In both the film and the novel Thunderball, the physical headquarters of the organisation are in Paris, operating behind a front organisation aiding refugees named "Firco" (Fraternité Internationale de la Résistance Contre l'Oppression) in the novels and "International Brotherhood for the Assistance of Stateless Persons" in the films. Organisational discipline is notoriously draconian, with the penalty for disobedience or failure being death. To heighten the impact of executions, Blofeld had been known to focus attention on an innocent member, making it appear his death is imminent, only to suddenly strike down the actual target when that person is off guard.

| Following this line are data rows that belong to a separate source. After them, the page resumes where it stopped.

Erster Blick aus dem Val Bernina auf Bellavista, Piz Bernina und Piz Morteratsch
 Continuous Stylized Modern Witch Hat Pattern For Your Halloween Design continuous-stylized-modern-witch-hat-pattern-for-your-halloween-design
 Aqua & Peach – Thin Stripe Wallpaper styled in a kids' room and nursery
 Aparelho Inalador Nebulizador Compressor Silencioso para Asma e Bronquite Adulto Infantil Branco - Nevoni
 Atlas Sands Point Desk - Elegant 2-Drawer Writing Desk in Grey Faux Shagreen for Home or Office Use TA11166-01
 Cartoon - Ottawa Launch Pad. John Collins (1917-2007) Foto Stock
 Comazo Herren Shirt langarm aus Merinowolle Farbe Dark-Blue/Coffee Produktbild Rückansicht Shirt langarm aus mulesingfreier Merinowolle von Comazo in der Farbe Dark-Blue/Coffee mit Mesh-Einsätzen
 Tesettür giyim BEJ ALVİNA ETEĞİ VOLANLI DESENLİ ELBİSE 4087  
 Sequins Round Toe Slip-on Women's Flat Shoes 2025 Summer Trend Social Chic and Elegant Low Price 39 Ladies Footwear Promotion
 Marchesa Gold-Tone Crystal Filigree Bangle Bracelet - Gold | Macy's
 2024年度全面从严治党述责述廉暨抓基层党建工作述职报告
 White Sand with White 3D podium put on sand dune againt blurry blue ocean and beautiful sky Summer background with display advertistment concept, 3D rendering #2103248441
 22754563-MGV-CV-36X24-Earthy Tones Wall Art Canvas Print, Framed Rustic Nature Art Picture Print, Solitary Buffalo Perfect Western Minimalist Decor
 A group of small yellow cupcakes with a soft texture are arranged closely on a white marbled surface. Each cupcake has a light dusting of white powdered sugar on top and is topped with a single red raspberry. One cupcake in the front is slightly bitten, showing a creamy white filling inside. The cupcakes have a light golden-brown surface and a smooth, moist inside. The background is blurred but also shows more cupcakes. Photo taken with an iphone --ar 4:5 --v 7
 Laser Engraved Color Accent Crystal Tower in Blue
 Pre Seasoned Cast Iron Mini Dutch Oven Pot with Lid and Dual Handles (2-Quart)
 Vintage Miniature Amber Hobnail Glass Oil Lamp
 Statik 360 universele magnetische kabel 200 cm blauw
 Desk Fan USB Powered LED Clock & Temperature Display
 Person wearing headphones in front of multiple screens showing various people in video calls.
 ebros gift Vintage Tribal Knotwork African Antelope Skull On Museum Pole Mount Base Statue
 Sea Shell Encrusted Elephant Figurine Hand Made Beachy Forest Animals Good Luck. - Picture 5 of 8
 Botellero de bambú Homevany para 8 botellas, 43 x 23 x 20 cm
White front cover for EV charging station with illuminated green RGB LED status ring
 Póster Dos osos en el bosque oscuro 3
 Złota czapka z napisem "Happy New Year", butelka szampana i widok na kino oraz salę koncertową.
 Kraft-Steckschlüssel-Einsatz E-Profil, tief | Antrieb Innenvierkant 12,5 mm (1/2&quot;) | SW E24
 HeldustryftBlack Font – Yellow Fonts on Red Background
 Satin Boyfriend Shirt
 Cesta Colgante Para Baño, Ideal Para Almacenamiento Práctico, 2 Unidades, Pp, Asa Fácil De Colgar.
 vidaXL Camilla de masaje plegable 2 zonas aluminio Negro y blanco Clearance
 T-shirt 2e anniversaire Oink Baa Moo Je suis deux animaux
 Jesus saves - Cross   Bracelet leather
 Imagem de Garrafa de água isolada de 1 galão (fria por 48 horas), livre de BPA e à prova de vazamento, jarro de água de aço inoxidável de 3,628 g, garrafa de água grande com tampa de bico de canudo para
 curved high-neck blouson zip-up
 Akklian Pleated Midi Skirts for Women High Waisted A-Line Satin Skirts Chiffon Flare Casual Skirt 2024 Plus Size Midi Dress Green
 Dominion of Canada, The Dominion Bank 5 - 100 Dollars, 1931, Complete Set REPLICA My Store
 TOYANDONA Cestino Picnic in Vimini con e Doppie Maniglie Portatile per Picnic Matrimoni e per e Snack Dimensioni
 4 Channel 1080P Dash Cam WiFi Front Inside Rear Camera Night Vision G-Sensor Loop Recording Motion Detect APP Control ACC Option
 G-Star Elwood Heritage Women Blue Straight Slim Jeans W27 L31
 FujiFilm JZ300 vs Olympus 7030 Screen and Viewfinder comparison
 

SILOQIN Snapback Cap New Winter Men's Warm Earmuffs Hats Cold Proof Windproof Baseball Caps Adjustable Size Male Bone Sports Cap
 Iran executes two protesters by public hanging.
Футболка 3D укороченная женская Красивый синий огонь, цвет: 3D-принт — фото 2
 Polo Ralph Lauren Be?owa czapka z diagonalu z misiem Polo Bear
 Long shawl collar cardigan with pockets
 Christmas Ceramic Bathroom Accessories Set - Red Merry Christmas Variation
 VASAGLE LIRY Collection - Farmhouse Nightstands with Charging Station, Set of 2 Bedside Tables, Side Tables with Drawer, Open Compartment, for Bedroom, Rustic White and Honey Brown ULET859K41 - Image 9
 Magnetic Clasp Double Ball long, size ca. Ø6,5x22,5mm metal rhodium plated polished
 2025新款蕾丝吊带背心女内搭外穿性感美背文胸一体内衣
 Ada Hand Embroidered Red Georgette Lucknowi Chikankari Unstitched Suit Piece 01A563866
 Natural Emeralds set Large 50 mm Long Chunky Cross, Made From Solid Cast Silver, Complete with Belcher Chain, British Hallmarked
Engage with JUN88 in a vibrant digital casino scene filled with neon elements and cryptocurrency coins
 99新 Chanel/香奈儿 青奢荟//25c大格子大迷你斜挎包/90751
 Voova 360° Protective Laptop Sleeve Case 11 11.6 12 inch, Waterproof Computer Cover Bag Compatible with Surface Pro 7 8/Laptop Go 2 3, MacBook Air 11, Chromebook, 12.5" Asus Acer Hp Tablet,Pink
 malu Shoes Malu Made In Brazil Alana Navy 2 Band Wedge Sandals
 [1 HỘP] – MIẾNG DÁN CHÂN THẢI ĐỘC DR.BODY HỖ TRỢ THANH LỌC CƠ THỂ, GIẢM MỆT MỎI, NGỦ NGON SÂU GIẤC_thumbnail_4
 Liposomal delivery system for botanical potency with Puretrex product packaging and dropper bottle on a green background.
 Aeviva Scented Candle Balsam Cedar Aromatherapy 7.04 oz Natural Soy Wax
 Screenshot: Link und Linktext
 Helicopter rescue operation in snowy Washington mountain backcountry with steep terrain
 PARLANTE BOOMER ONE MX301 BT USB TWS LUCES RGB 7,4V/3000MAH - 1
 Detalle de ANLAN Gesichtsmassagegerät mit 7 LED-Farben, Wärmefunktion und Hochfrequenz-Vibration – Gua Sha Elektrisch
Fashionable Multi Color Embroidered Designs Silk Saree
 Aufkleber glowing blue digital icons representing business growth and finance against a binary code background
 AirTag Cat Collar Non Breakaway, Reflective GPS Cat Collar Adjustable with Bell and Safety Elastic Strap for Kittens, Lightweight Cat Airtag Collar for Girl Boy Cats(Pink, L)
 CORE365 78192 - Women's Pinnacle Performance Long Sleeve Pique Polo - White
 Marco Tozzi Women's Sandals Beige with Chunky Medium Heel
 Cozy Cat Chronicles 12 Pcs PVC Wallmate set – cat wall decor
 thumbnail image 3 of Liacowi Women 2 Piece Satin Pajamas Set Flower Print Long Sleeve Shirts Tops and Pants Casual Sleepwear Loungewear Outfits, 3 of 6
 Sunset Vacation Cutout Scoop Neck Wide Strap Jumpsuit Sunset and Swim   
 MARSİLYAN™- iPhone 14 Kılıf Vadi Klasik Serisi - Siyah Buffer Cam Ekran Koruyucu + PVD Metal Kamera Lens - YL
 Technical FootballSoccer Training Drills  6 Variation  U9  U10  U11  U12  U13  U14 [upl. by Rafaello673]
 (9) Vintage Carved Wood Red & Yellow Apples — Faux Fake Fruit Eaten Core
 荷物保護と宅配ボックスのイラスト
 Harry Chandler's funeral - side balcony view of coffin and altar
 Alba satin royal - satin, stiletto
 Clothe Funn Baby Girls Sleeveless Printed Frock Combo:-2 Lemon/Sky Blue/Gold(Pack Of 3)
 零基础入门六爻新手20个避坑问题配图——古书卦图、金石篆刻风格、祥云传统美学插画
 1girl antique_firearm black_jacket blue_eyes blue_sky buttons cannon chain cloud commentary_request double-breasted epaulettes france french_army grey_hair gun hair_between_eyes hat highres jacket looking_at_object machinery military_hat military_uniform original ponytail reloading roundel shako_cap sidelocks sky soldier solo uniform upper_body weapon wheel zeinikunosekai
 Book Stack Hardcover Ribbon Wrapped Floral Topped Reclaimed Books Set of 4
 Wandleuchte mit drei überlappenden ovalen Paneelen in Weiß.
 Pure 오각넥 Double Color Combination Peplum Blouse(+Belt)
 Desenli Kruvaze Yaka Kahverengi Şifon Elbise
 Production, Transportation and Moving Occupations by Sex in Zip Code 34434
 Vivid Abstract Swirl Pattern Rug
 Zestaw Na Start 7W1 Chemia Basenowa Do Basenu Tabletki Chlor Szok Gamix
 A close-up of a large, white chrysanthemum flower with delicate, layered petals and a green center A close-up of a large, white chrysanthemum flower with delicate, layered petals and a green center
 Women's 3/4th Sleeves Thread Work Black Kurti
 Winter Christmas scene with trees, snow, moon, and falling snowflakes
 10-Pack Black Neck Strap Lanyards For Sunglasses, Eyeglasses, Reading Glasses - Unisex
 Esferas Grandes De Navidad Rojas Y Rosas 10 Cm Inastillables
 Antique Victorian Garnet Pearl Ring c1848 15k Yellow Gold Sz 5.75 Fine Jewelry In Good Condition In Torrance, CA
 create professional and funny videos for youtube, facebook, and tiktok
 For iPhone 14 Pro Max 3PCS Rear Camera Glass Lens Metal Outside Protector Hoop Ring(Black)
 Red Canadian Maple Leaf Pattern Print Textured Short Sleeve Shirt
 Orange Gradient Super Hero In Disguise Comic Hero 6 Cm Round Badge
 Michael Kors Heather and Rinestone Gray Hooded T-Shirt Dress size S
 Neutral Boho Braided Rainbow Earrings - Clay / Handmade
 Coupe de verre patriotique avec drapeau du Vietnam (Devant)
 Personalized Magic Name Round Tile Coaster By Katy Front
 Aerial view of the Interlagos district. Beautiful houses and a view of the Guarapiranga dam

SPECTRE is headed by the criminal mastermind Ernst Stavro Blofeld who usually appears accompanied by a Chinchilla Silver Persian cat in the films, but not in the books. In both the films and the novels, Emilio Largo (played in the film Thunderball by Adolfo Celi) is the second in command. It is stated in the novel that if something were to happen to Blofeld, Largo would assume command. Largo appears in the 1961 novel Thunderball, the 1965 film version and its 1983 remake, Never Say Never Again, where he is renamed Maximilian Largo (Klaus Maria Brandauer) and is said to be Romanian rather than Italian.

The SPECTRE cabinet had a total of twenty-one members. Blofeld was the chairman and leader because he founded the organisation and Largo was elected by the cabinet to be second in command. A physicist named Kotze (who later defected) and an electronics expert named Maslov were also included in the group for their expertise on scientific and technical matters.